I now would like to find repeated patterns within each string and repeated patterns that are common between the strings. A repeated pattern in string (1) would be "BECB". Moreover the pattern "BECB" is also repeated in string (2). Of course there are several criteria that need to be decided on as for example the minimum number of repetitions or the minimum number of symbols in a pattern.
From the book by Dan Gusfield "Algorithms on Strings, Trees and Sequences" I know that it is possible to find such repeats (e.g. maximal pairs, maximal repetitive structures etc.) using certain algorithms and a suffix tree data structure. This comes in handy as I would like to use probabilistic suffix trees to also calculate some predictions on these sequences. (But this is not the topic of this post.)

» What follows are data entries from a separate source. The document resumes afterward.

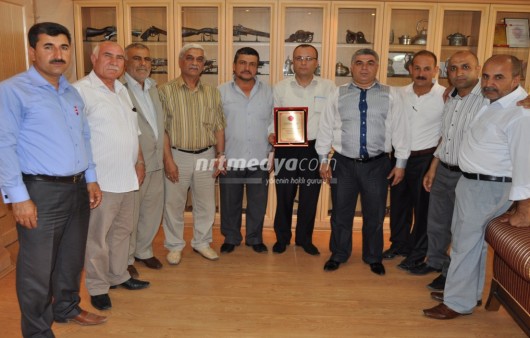 Video:   MUHTARLARDAN NRT YÖNETİMİNE PLAKET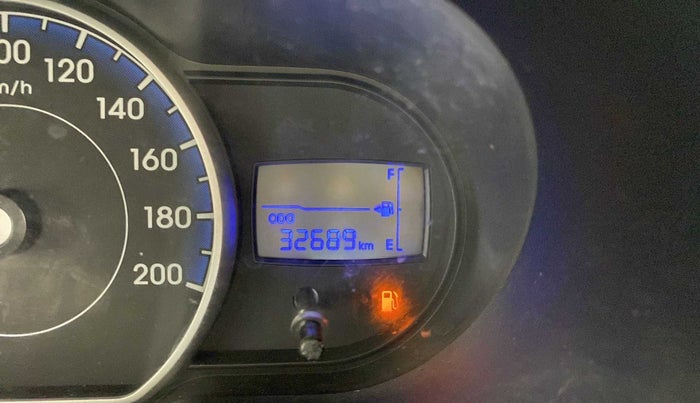 2016 Hyundai i10 MAGNA 1.1, Petrol, Manual, 32,678 km, Odometer Image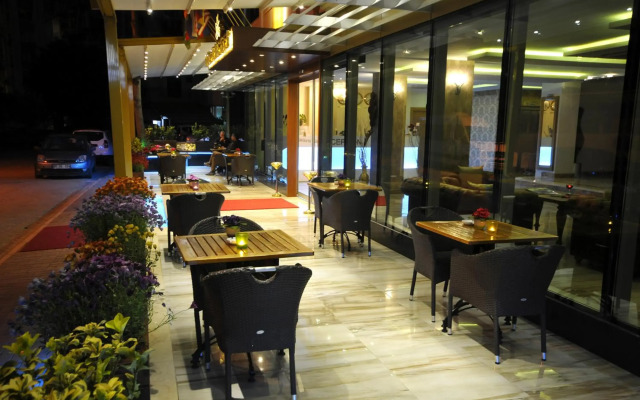 Golden Deluxe Hotel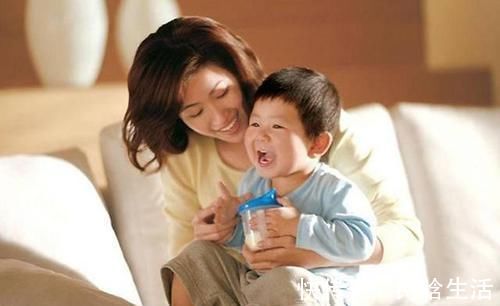 妈宝|孩子不叫“妈妈”改叫“妈”,别看一字之差,教育方式也要变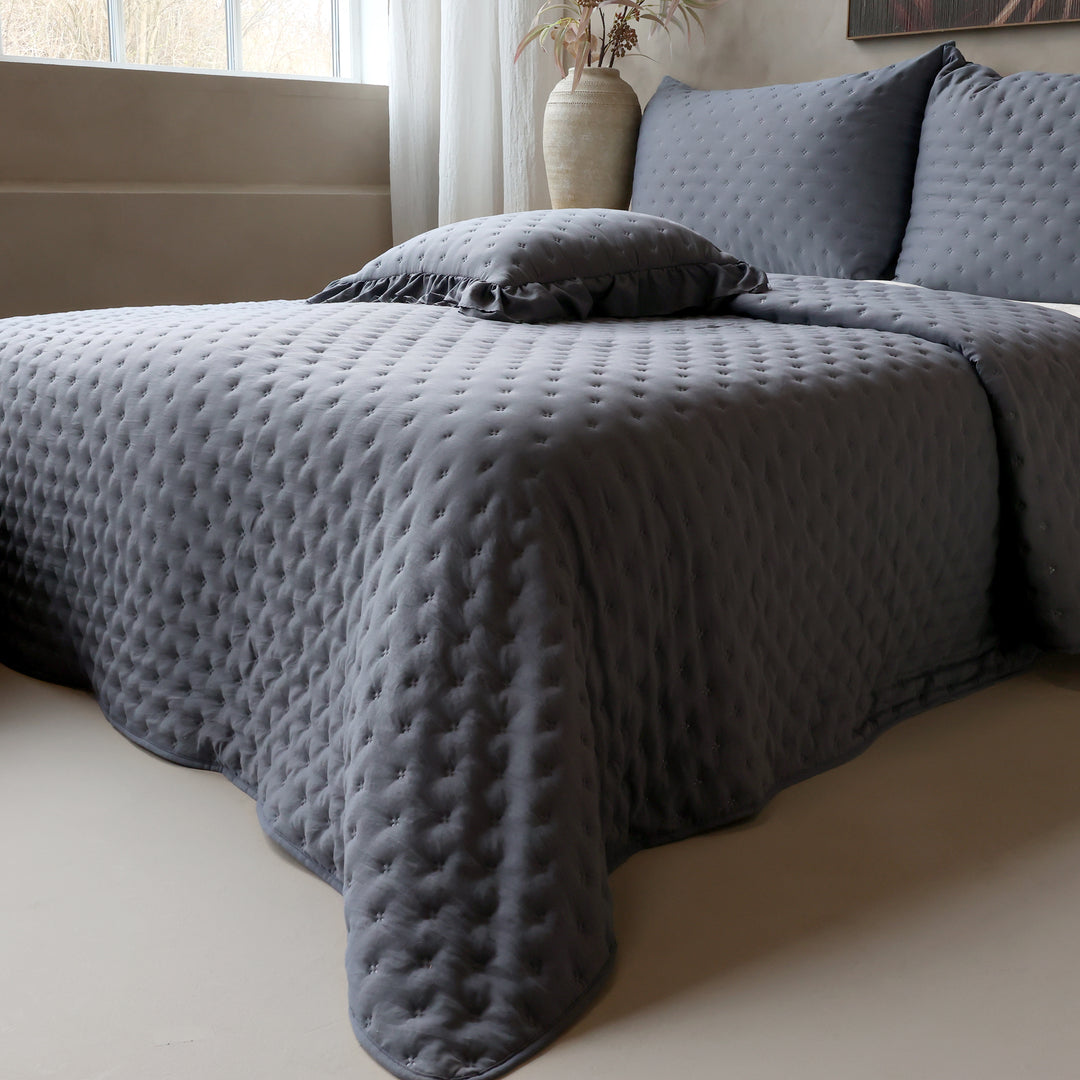 Chic Antique Aix Soft Bettdecke Midnight als stilvolle Tagesdecke für Doppelbetten
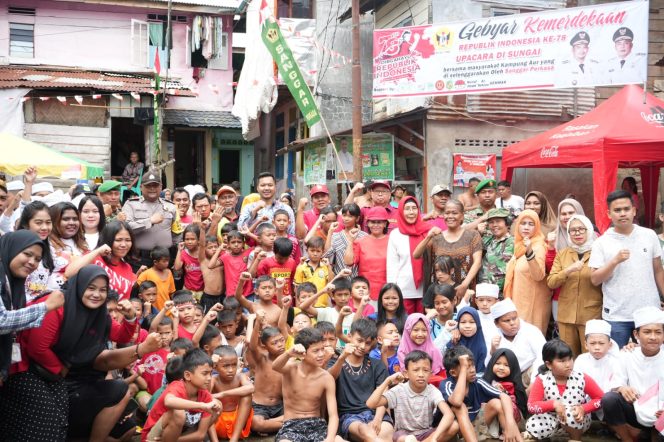 
					Semangat Masyarakat Kampung Aur Gelar Upacara HUT Ke 78 Kemerdekaan RI Ditengah Kondisi Banjir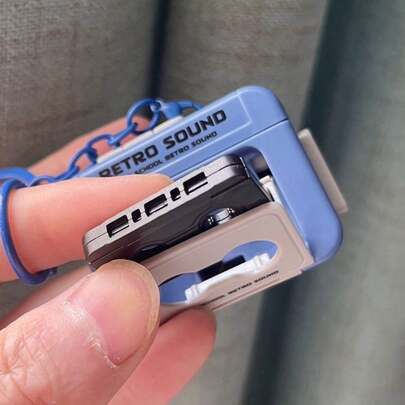 Vintage Cassette Player Keychain, No Battery Included (Batteries Required), Walkman Keychain, Vintage Sound Keychain, Cassette Fidget Toy Car Decoration, Valentine's Day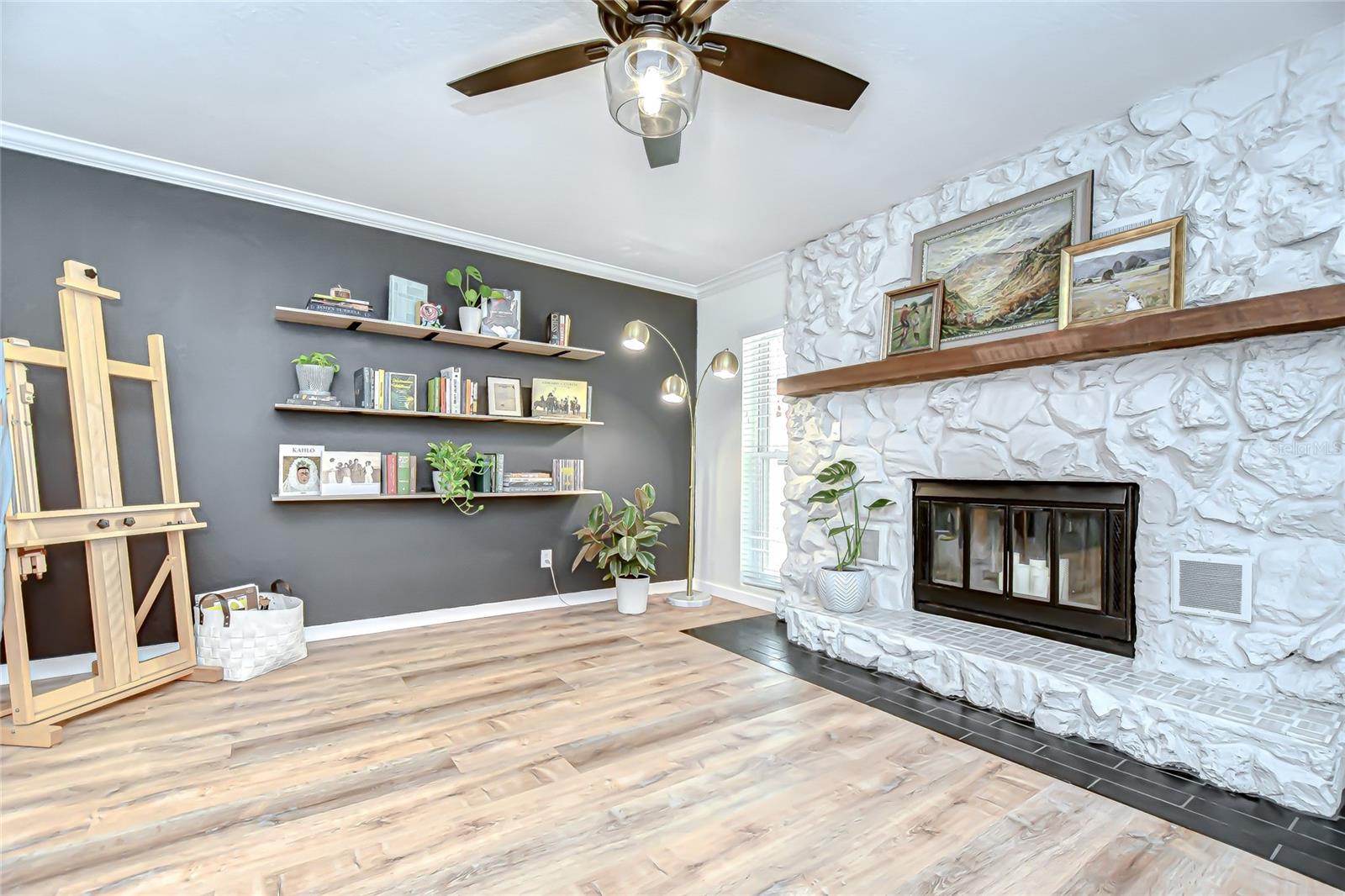 Listing photo id 19 for 1901 Little Cove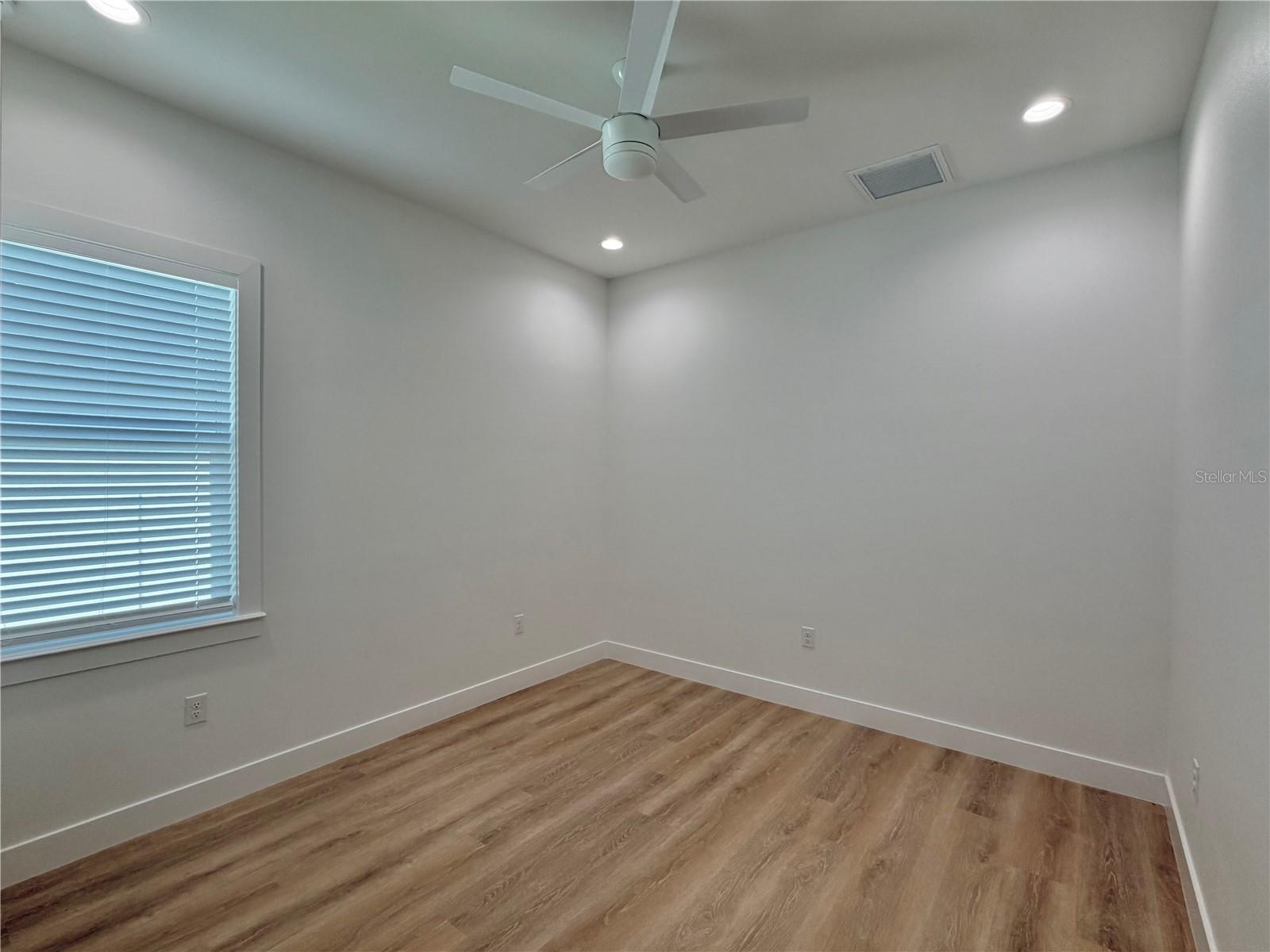 4625 RHAPSODY AVE — photo 17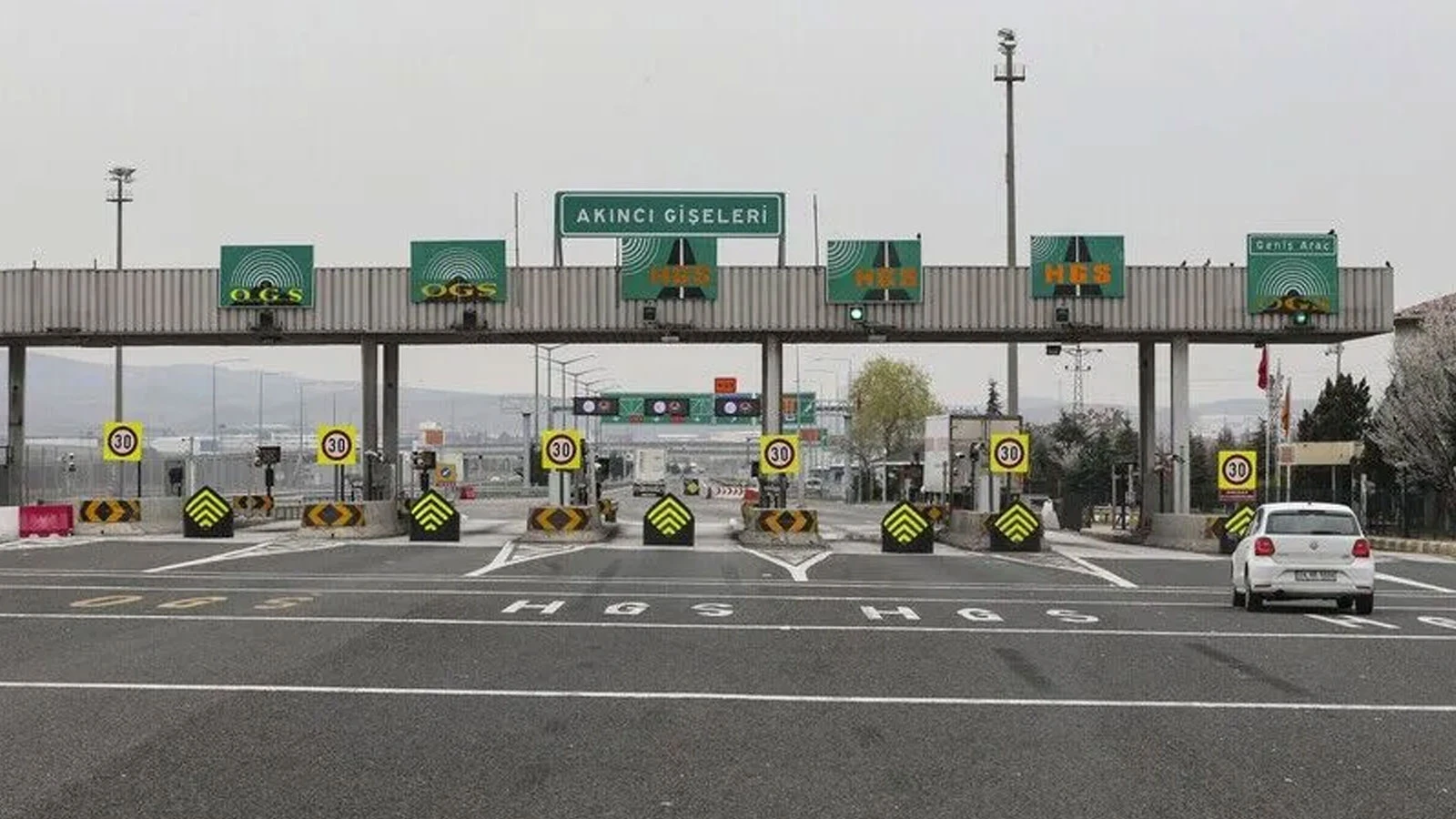 Kara yollarında serbest geçiş başladı, eski gişeler kaldırılıyor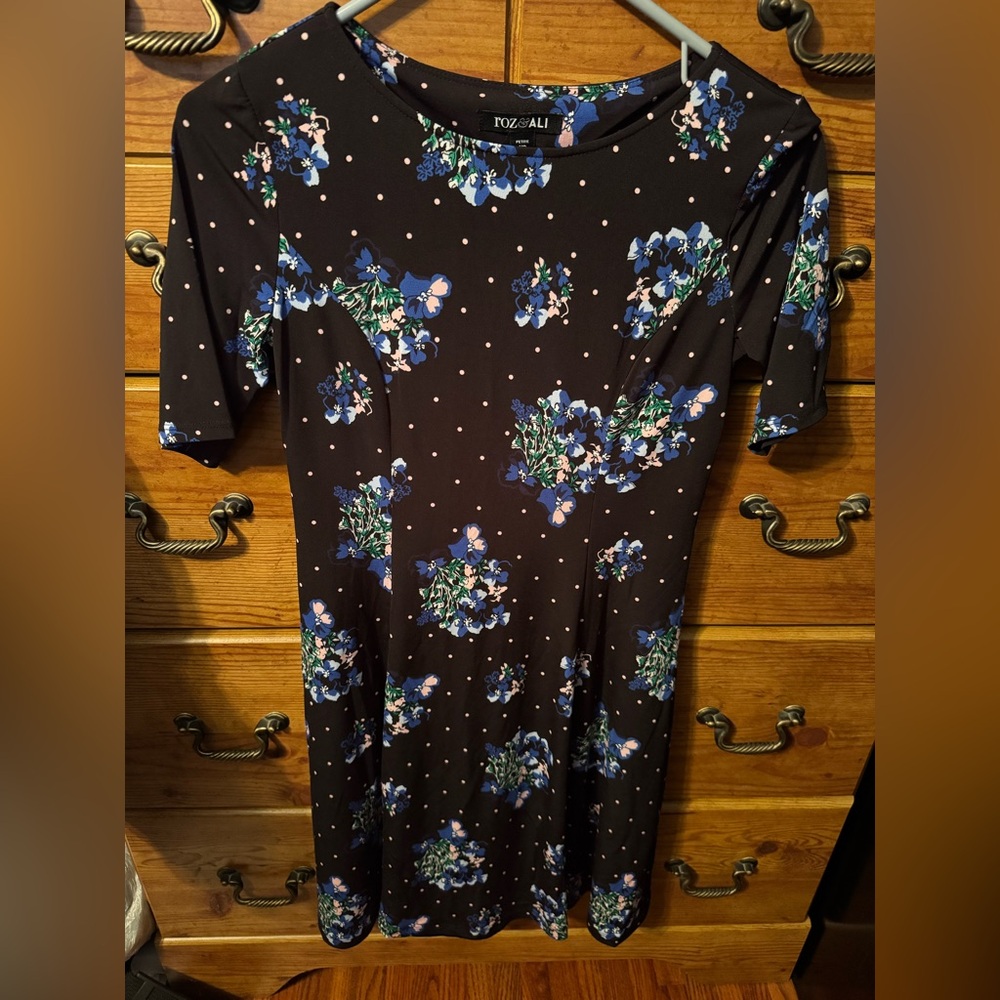 Roz & Ali Black Floral Dress with Short Sleeves and crew neck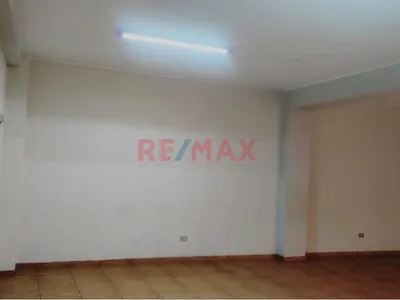 Alquiler De Oficina Surquillo 130M2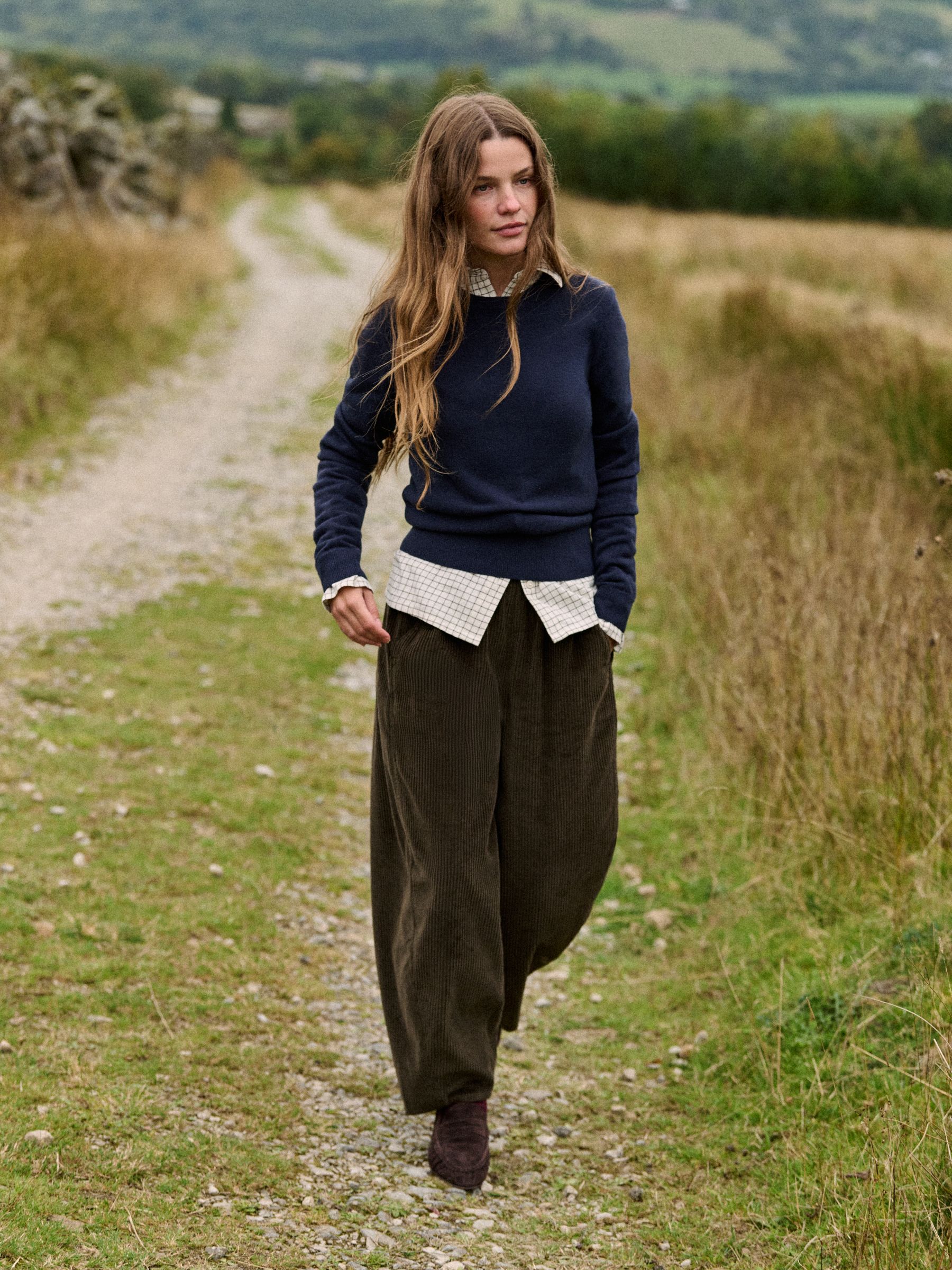 The Set 2 Pack Corduroy Barrel Trousers - Khaki/Brown - Regular - Location Worn
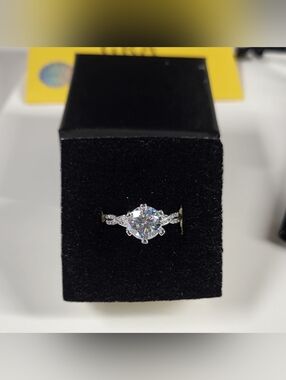 NEW 2 Carat Twisted Infinity Moissanite Ring Size 8 Engagement Promise Wedding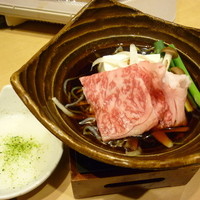 豆富料理と吟醸せいろ蒸し 八かく庵 大阪ステーションシティ店 - すき焼き（一人鍋）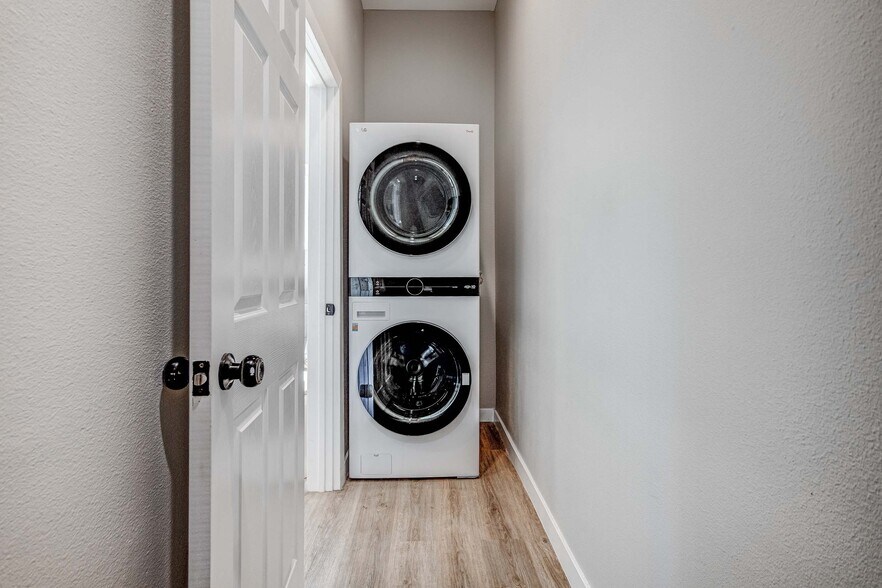 More Photos Of 146 Witmer St, Los Angeles Apartments For Sale
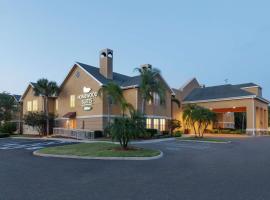 Homewood Suites by Hilton St. Petersburg Clearwater, viešbutis mieste Klirvoteris, netoliese – Feather Sound Country Club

Unfortunately I can't find any implementations of these algorithms. Hence, I am wondering if I am even on the right path using suffix trees to solve the mentioned problem. It seems very strange to me that for such a well described problem no packages are available (in R or Python for example).
Are there any alternatives (with existing packages) that solve my problem?
Or do you know any implementation of algorithms for suffix trees?